DATA EXTRACT:
---*---

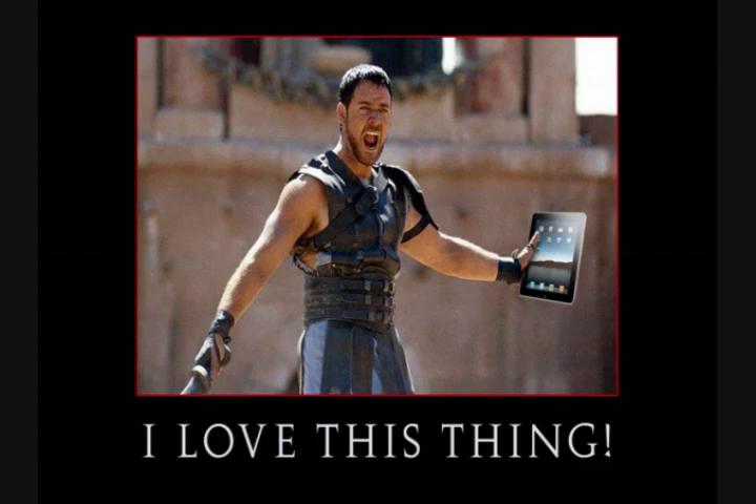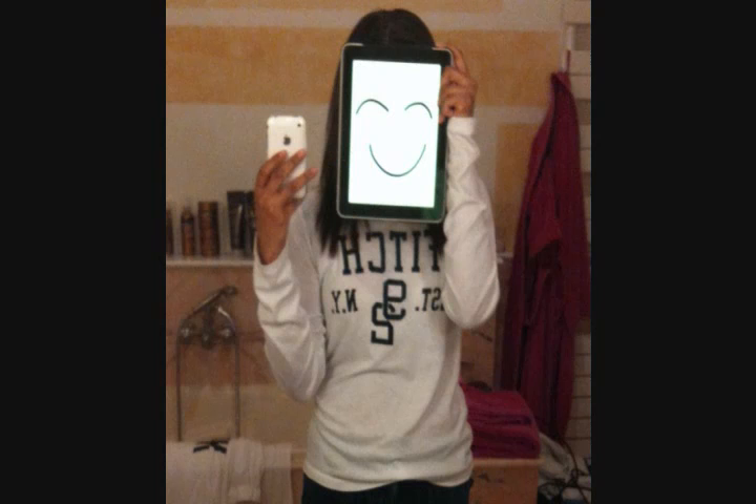Stop the madness on figuring out how to use your iPad. Get the iPad for Idiots tutorial package right now and start enjoying your new iPad with a big ol' smile on your face today.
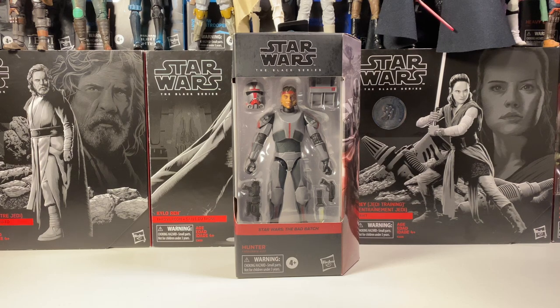Hey guys, welcome back to the channel. I'm LukeNessMonster. Today we'll be reviewing the Star Wars The Black Series Bad Batch Hunter.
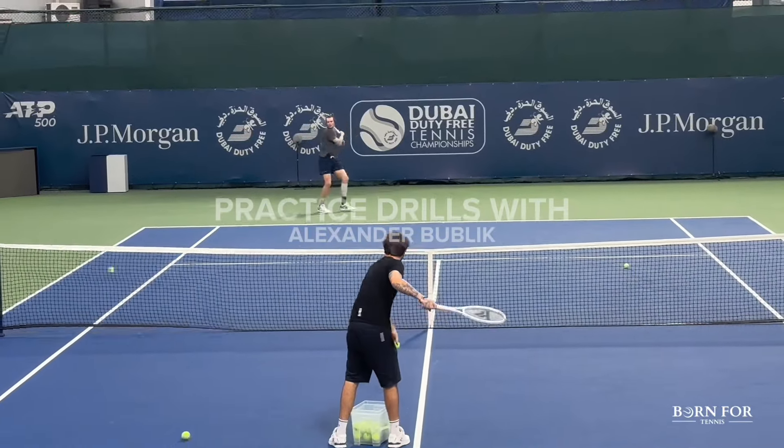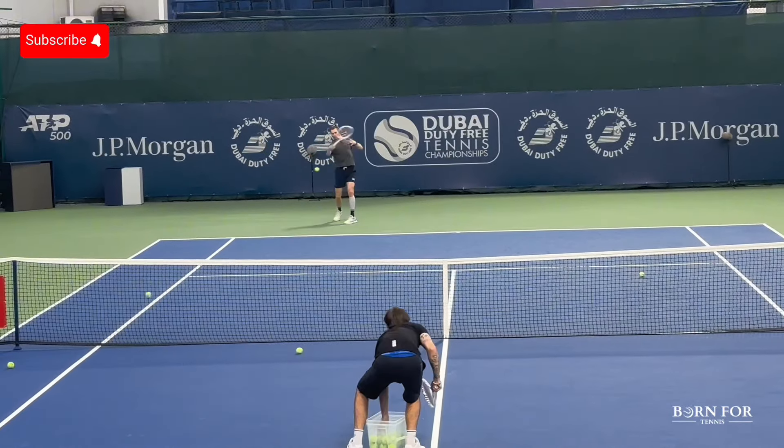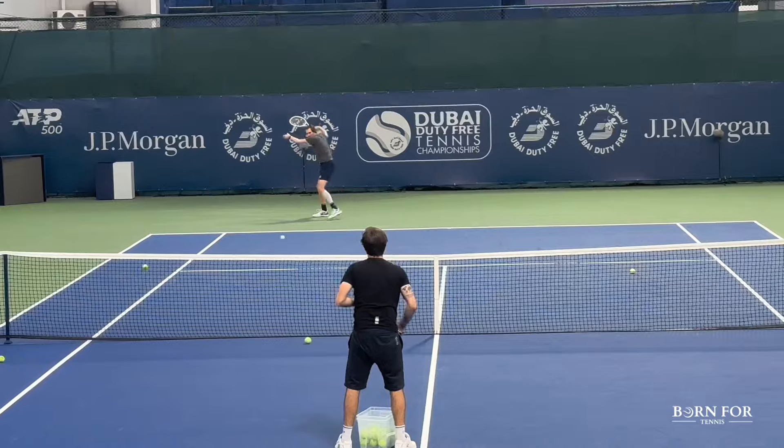Hi everyone, this is Abdullah from Board4Tennis and in this video I will take you through three main drills in Bublik's practice session.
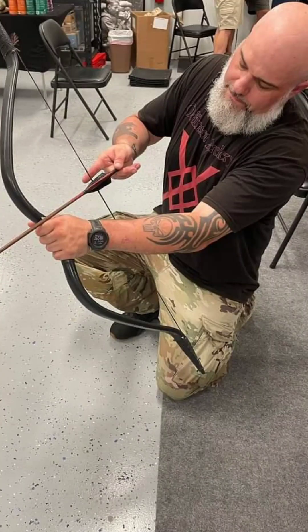Can you curve an arrow by twisting the string like we saw in the popular Korean movie War of the Arrows? My name is Alan Odinson. I am a thumb draw archery instructor, and today we're going to be testing whether or not, by getting that twist on the string, you can actually curve an arrow.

---*---

DESCRIPTION OF THE TASK: Copy every line of the listing above exactly. Leave each picture out.

OUTPUT:
Stop the madness on figuring out how to use your iPad. Get the iPad for Idiots tutorial package right now and start enjoying your new iPad with a big ol' smile on your face today.
Hey guys, welcome back to the channel. I'm LukeNessMonster. Today we'll be reviewing the Star Wars The Black Series Bad Batch Hunter.
Hi everyone, this is Abdullah from Board4Tennis and in this video I will take you through three main drills in Bublik's practice session.
Can you curve an arrow by twisting the string like we saw in the popular Korean movie War of the Arrows? My name is Alan Odinson. I am a thumb draw archery instructor, and today we're going to be testing whether or not, by getting that twist on the string, you can actually curve an arrow.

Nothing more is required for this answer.